Frederick Etchells | |
Birth Date: | 1886 9, df=yes |
Birth Place: | Newcastle upon Tyne, England |
Death Place: | Folkestone, England |
Field: | Painting, Architecture, Book Publishing, Church Restorations |
Movement: | Vorticism, Omega Workshops, Group X |
Etchells was born in Newcastle upon Tyne. His early education was at the London School of Kensington, now known as The Royal College of Art where he studied on the Architectural course under Arthur Beresford Pite (1861–1934) and two years under William Lethaby,[1] which brought him into contact with the Bloomsbury Group.
He was a contributor to the Omega Workshops, but was one of those breaking away with Wyndham Lewis;[2] this breakaway began the Rebel Art Centre, with the Rebel Art Movement, somewhat akin to the Dadaists in Paris. The Rebel Art Movement transformed into the Vorticists several of his illustrations appeared in the issues of the literary magazine BLAST of which there were only two issues. There was a Manifesto, which not all of the artists involved signed up to; Etchells himself excluded his name from the manifesto. However William Roberts later painted Etchells holding the copy of BLAST in his work "The Vorticists at the Restaurant de la Tour Eiffel, Spring 1915".[3] Roberts wrote to Etchells wanting to confront Lewis about his prominence in the authorship of the magazine, to which Etchells declined since he no longer wanted anything to do with it.[4] He, unlike many of the others from the Vorticists, remained acquainted with Roger Fry.[5]

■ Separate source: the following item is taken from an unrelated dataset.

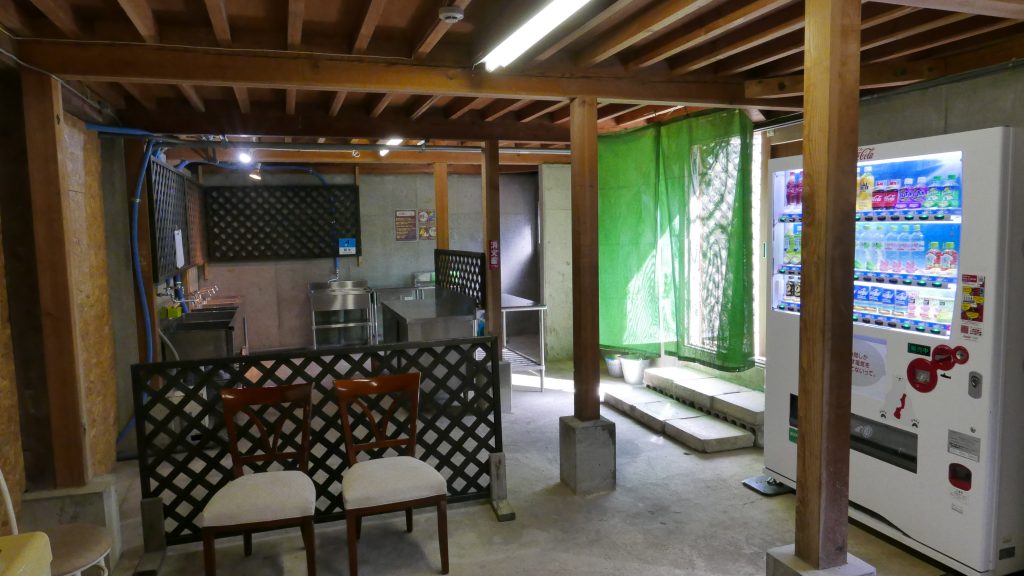 舞子高原オートキャンプ場水場-2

In his architectural practice, Etchells produced some modernist buildings, the most well known of which are his designs for 232–4 High Holborn, London (1929–30) for the advertising firm WS Crawford Ltd., a commission he had obtained through his friend Ashley Havinden (1903–73) who was the company’s art director from 1929. This was the first fully modernist office building in central London. Its clean façade was matched by a modern interior, complete with built-in furniture and stainless steel. Etchells's main responsibility was the façade.[6] [7]

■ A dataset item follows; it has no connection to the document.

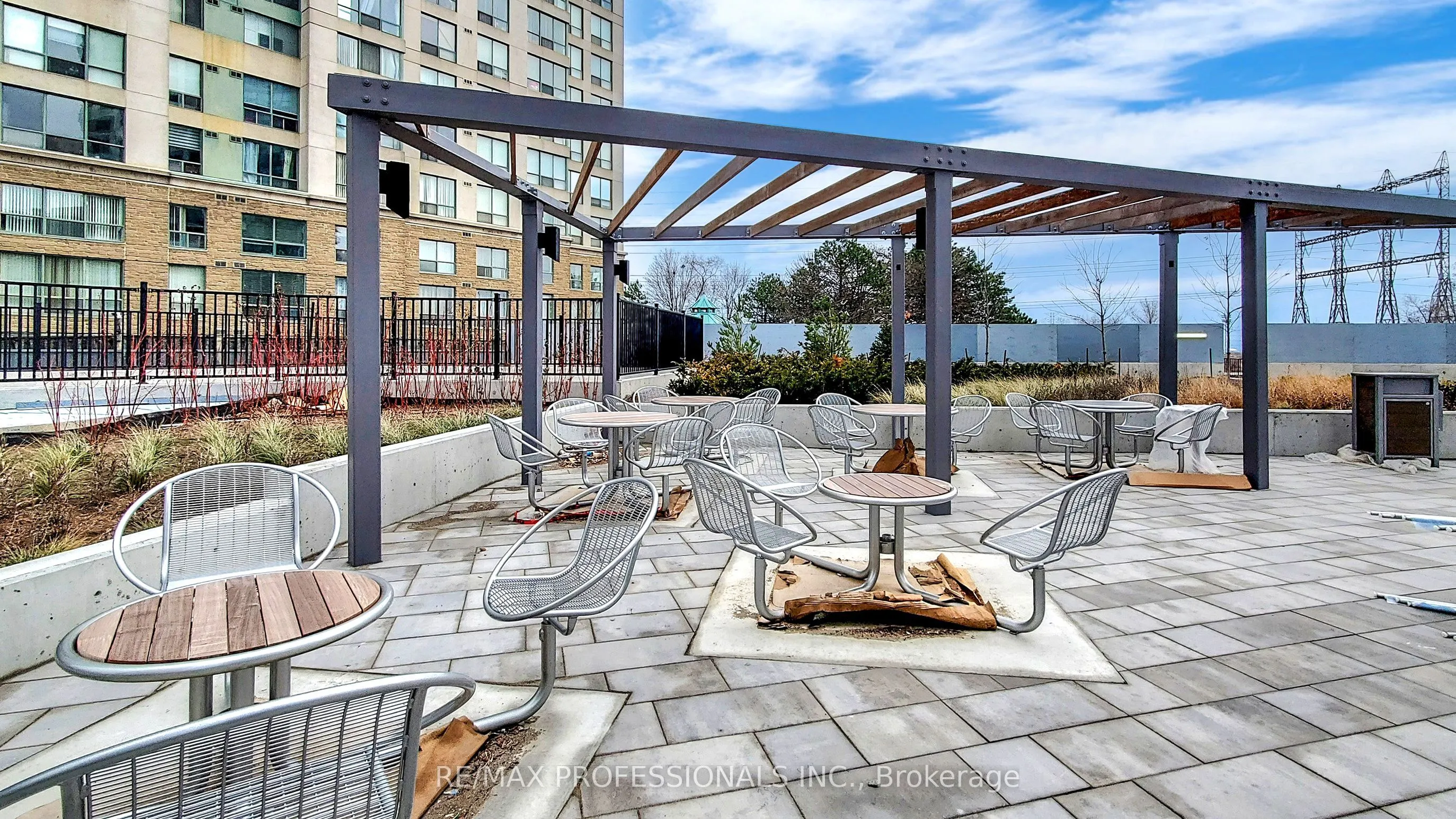 30 Samuel Wood Way, #807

Etchells's most significant work is his translation of Le Corbusier's Vers une architecture known in its English title as Towards a New Architecture: This has now been re-translated by John Goodman in his version Toward an Architecture 2007. Etchells later translated another book of Corbusier's Urbanisme, which in its English translation became The City of Tomorrow. He gradually moved into architecture after a period of book publication, with the Haslewood Press.[8] Later he became a church and conservation architect. He had close associations with John Betjeman who wrote his obituary.[9] Betjeman was a tenant in one of Etchells's flats in Mayfair, this was during the period when Betjeman was a journalist with The Architectural Review. One of his restorations was St Andrew's Church, Plymouth; he also restored St George's Church, Donnington, West Sussex after a fire in 1939, and St James's Church, Abinger Common, Surrey in 1950 after bomb damage during World War II.
He contributed articles to the journal The Studio., though often anonymously and to Artwork.[10]

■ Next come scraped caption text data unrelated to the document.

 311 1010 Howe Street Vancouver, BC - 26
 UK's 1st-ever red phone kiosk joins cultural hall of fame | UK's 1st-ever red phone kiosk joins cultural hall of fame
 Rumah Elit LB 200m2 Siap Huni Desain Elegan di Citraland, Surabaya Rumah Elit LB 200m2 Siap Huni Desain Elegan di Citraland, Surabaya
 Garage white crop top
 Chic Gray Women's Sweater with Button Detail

He was an active member of the Society for the Protection of Ancient Buildings (SPAB) and a founding member of the Georgian Group.
In the 1930s Etchells purchased a weekend cottage in West Challow then called Holme Lea, a Queen Anne property. He lived there between 1939 and 1944, having moved out of London. During that time he acquired and renovated a second smaller house in West Challow into which he, his wife and daughter moved in 1944.[11] [12]
He was married to Hester Margaret Sainsbury[13] who was a book illustrator, painter and artist known for her performances to music.